The nonprofit industry, like all others in the wake of the digital revolution, is evolving rapidly. Skills and innate traits that nonprofit leaders used to possess might still be relevant, but they are not what the board is looking for. Nowadays, it’s all about being an inspiring figure by nature, and a born business man.

After all, you should look at a nonprofit as you would any company in need of various types of resources, a steady influx of clients, and a compelling brand identity. Its leader, naturally, should be the person that will help the organization meet its goals, grow over time, and pave the road to a successful future. Here are the five skills every nonprofit leader should possess in the modern marketplace.



Be a visionary thinker

First and foremost, a leadership title should not be confused with a boss title. These have two very different job descriptions. The former will be responsible for devising and effectuating the nonprofit’s long-term vision and goals, while the latter will work directly under to make sure the adequate tactics are in place.

Therefore, the leader needs to be a visionary thinker who will have a set of concrete long-term goals for the organization. In the past, organizational structures would have put the task of defining a vision for the nonprofit into the hands of the board, but nowadays, boards are increasingly expecting of their executives to come forward with a sound vision and a concrete plan. You will, therefore, need to motivate, inspire, and persuade experienced board members to follow your vision.



Have the ability to build a brand

In the modern business world, a company without a brand is just another name in the competitive marketplace that will fail to reach its true potential. The modern consumer needs and wants to do business with a company that portrays a certain set of values, a company they can relate to on a deeper, personal level. You need to be able to build a powerful brand identity.

Chief Branding Officers (CBOs) are instrumental figures in the creation and execution of a strong branding strategy that will capture the attention of the consumer market, inspire them to take action, and aid your cause. To achieve these goals, your brand will need to have an appealing, modern visual identity, it will have to have a set of values portrayed by a comprehensive content marketing strategy, and it will have to have a strong online presence. Remember, brand dissemination is your gateway to the global marketplace, and a means to a solvent future.



Have Knowledge of business and personal finances

Finance management is one of the most important skills a leader of a nonprofit organization should have. For better or worse, every nonprofit will share some common points with traditional commercial businesses, such as the need to secure operating capital. This is why you as a leader need to be on top of personal and business finances at all times.

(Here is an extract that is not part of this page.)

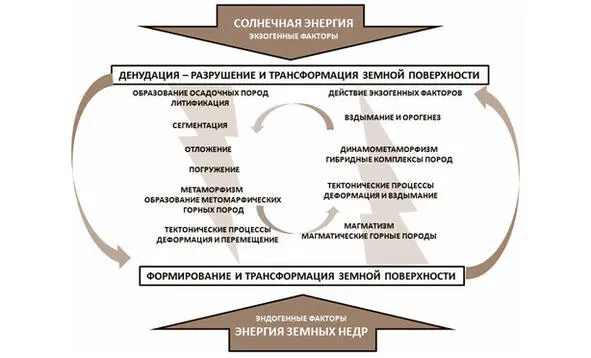 Схема круговорота вещества на Земле Недра планеты под воздействием внутренних и - фото 35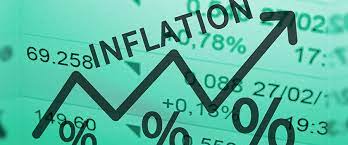 What is Inflation & How To Beat Inflation With Investments?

The problem with running a nonprofit is that leaders oftentimes resort to using their personal finances to kick-start a marketing campaign or bring in new staff members. As a true leader, you might feel inclined to do it, but not at the cost of your own livelihood. That’s why it’s essential to have personal loans as financing option in mind during those early stages of financing your nonprofit, in order to preserve your personal operating capital.

Focus on establishing a stable financial structure with fundraising, grants, and trading, in order to create a comprehensive financial structure for the organization. Keep in mind though, that effectuating these strategies will require an initial investment capital.



Be an inspiring figure

Being an inspiring leader and building a compelling personality takes time, effort, and plenty of practice. This is a mixture of long-term experience in the game, practicing your soft skills in a myriad of different situations, and having the professional knowledge to back your appealing persona up with credibility and a viable business plan.

Portraying an inspirational figure to the board and the market will be crucial for getting people to side with you and your organization, incentivize them to support your cause, and spread the word of your good deeds to the rest of the world. Practice your soft skills, and back them up with concrete knowledge of the industry, as well as finance and growth management.


Have a knack for entrepreneurship

We live in an entrepreneurial world, and nowadays leaders in the nonprofit sector are required to show their ability to lead a “company” forward no matter the economic climate, or the prevailing trends in the market. As a leader with a distinct entrepreneurial spirit, it will be your duty to secure long-term financing for your nonprofit through partnerships and investments, and show the world how much good your organization is doing through effective PR, annual and biannual reports, and meticulous stakeholder management.


In the nonprofit arena, the organization’s leader can make all the difference. With sound leadership and careful implementation of these five traits, you should have no problem building and leading a successful nonprofit organization that will echo throughout the industry.